Susanna and I wondered if she felt the need to do Q&A in the manner of a film screening. Perhaps it was my fault in not realizing that I was going to a film screening and not a concert. I'm glad we went, but I'm sad I didn't get to hear more music. Rosie is one of the few acoustic artists I can still stomach. I'm afraid I've become jaded. I can't listen to James Taylor or Emmylou Harrris or even Patty Griffin except for a random song here or there.

The evening with Rosie Thomas was a glaring example of the many ways we search for connection in our society. Whether it is a concert or twitter, its obvious how much we want to be with each other. Perhaps it is my age. I'm less naive. It seems to be more difficult for human beings to substantially share themselves with each other.

Wednesday, October 14, 2009

Home from The Hospital, What the What?

A blood clot in my lung. Doctors don't know exactly where it came from. Was it the minor bike wreck three weeks ago? Do I have a blood condition that predisposes me to blood clots? I was supposed to know more by now, four days after I went into the emergency room, but it turns out my doctors are either tools or they are just extremely...inefficient. So, my whole experience at the hospital was less than good, except for my ER doc. He was the one decided to do a catscan after all the other tests looked good. He is the one who thought it'd be best to double double check things. And that was a good move because most 34 year old people who are in good health (I've lost ten pounds riding an exercise bike and drinking almost no beer since July) do have blood clots in their lungs. Perhaps he might have sent me home with some strong pain killers (the pain was both stab like and pulse like on the upper left half of my body) and told me to take a day off work, and perhaps I wouldn't be here any more!

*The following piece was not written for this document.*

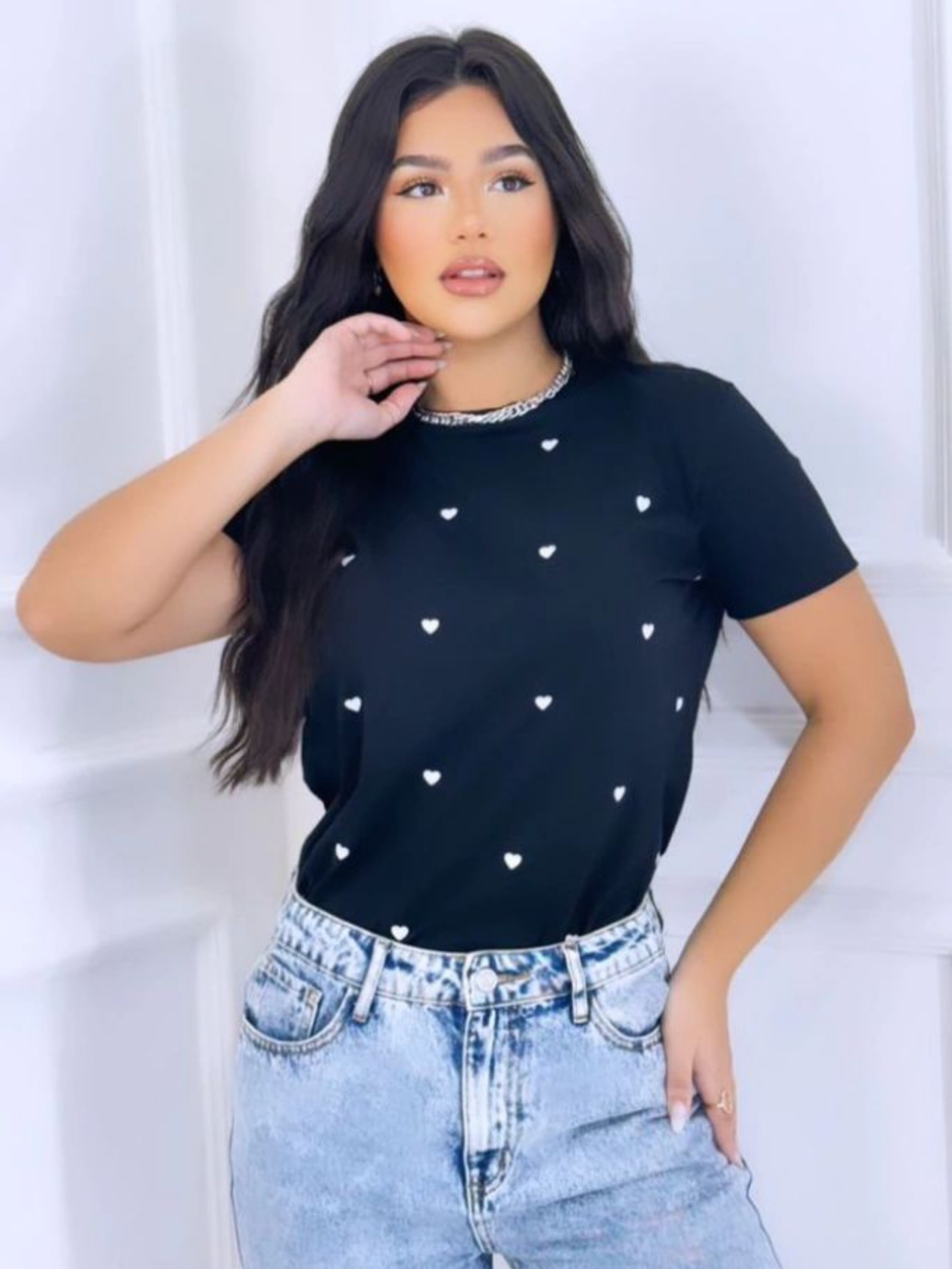 T-Shirt Coração Feminina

I'm having trouble getting my head wrapped around what has transpired these last few days. But let me just say that I'm glad to be out of the hospital. It is hard to be in a hospital for many reasons. But I'm still restless. The vicodin is really frustrating. It takes away the pain, but everything is a bit fuzzy. I've talked with a few friends on the phone and right now I miss Oklahoma City almost like it was just yesterday that we left. I have had great and overwhelming love shown to me from neighbors, church members and Hope College people. Lovely people, but there is a sense that I'd like to be in touch with people who have walked a bit longer with me on this tedious, twisty turny, beautiful and strange pathway of life (cliche fully intended).

I'm so tired of watching movies that I think I'm going to do something drastic and read Dostoevsky. I just finished Jonathan Saffron's Extremely Loud and Incredibly Close. I picked up on the recommendation of a friend whose taste I really trust. It was a "B" at best. He seems to be the master of postmodern gimmickry. I think a person will either love his tricks or be annoyed. Unfortunately, my experience was the latter. He is definitely an extremely talented writer, and approaching a subject like 9/11 is a gargantuan challenge. But, nevertheless.... I'd be glad to hear from anyone else's experience with the book. The good thing, I guess, is that now I'm left with an appetite for something substantial in a canonical sort of a way.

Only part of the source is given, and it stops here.